Boyamin menyebut hingga saat ini tagihan pajak senilai Rp 1,7 trilyun dari PT Industri Pulp Lestari diduga belum tertagih sepenuhnya (diduga baru terbayar Rp 15 milyar dari Dedy Sutanto). Atas tidak terbayarnya kewajiban pajak tersebut diduga tidak dilakukan penyanderaan terhadap AT dan WW.
“Sehingga patut diduga telah terjadi tindak pidana korupsi atas peristiwa tersebut. Bahwa semua proses dugaan penyimpangan penagihan pajak Rp1.7 triliun tersebut diduga terkait dengan AP yang saat itu diduga menduduki jabatan eselon II setingkat Direktur pada Ditjen Pajak dan AP saat ini dicekal KPK terkait dugaan penerimaan suap puluhan milyar dari wajib pajak,” katanya.
Boyamin pun meminta KPK untuk melakukan pengembangan penyelidikan dugaan korupsi atas dugaan penyimpangan penagihan pajak Rp1.7 triliun tersebut.

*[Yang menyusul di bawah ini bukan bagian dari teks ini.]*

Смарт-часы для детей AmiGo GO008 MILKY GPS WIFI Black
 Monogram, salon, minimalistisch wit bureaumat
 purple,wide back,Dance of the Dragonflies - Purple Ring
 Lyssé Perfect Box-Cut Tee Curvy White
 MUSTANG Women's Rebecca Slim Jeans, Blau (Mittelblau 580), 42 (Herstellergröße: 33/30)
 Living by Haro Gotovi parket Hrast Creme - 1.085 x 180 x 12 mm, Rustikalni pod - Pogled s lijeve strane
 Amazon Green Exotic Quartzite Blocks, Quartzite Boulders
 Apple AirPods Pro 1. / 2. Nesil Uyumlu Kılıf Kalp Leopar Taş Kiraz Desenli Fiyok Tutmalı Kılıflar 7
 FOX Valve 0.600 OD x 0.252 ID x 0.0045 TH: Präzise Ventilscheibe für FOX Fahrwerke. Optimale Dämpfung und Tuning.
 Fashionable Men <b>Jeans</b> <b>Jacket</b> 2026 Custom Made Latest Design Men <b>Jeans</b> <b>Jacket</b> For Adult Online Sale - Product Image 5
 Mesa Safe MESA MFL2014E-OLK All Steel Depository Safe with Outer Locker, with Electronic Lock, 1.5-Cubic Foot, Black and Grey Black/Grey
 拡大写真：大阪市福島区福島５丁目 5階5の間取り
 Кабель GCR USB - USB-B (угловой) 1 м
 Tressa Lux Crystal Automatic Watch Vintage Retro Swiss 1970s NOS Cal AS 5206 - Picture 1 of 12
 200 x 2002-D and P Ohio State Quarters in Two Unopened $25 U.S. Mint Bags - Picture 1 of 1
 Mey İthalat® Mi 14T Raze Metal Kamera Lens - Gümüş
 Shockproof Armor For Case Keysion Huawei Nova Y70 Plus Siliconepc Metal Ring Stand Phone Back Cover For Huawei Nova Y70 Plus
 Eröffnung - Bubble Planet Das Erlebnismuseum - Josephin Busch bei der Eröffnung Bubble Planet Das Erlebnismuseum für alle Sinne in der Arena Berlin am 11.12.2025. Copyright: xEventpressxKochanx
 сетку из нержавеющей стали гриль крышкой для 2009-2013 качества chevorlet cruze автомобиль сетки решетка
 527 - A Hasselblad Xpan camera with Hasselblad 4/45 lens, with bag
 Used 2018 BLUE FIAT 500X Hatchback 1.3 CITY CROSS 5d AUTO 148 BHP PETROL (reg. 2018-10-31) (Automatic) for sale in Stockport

Sebab, saat ini tidak terlacak keberadaan PT Industri Pulp Lestari, namun diduga WW mantan Dirutnya telah mendirikan perusahaan baru.
“Maka dari itu kami minta ke KPK untuk menjauhkan jangkauannya, melakukan penyelidikan, membuat penyelidikan baru atas dugaan penyimpangan, penyimpangan, karena tidak tertagih akan menimbulkan kerugian negara,” tutupnya.